Spanish police said Saturday they had detained a Swiss woman who allegedly kept her children captive for seven years, threatening to kill them if they ever tried to get help.
The children, now 17 and 15, had never gone to school during their time in the southeastern province of Alicante and had hardly been allowed assistance when ill, the Guardia Civil police force said.
"The minor's signatures during police proceedings were exactly the same as those on their Swiss ID cards from seven years ago, the writing looks like that of a small child who has not developed his writing," a spokesman for the Guardia Civil in Alicante told AFP.
According to police, the 17-year-old daughter managed to evade her mother's surveillance in August and send an email to the ANAR Foundation, which helps children in trouble and sounded the alarm.
She had allegedly been the victim of violence from her mother, who prohibited either of her kids to have any contact with the outside world.
She said they were only allowed out on the streets for a short while every day for quick shopping errands or walks, but under strict surveillance.
Their 49-year-old mother, who is of Spanish origin, was allegedly particularly brutal towards her daughter, "hitting her, pushing her against walls or furniture and throwing cutlery or any other object she had in her hands," police said.
The daughter had not dared ask for help until then, as she "had been under constant threat of death from when she was little."

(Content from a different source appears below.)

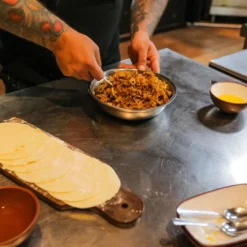 Mãos preparando recheio de empanada durante uma aula de culinária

Her mother "said on various occasions that she would kill them if they spoke to police and that police would rape and kill them anyway -- an idea with which they grew up," the Guardia Civil said.
In her ANAR email, the daughter said this situation had started back in Switzerland when she was only three or four, and had continued when her mother moved to Spain in 2009.
The mother's Swiss partner, 30, was also detained for covering up the situation.
After a foundation tip off, police tracked down the house where the siblings were living in the town of Catral.
"Agents went there immediately and the mother denied anyone was being held there, and also denied that any minor was living there," the Guardia Civil said.
"The girl, who heard the agents speaking to her mother, started gesticulating in the corridor to attract their attention, and the two children were rescued," it added.
The daughter has since returned to Switzerland to her biological father.
A judge decided to let the brother -- whom police said was not the victim of violence like his sister -- return to his home in Catral, where his mother and her partner have been released pending trial.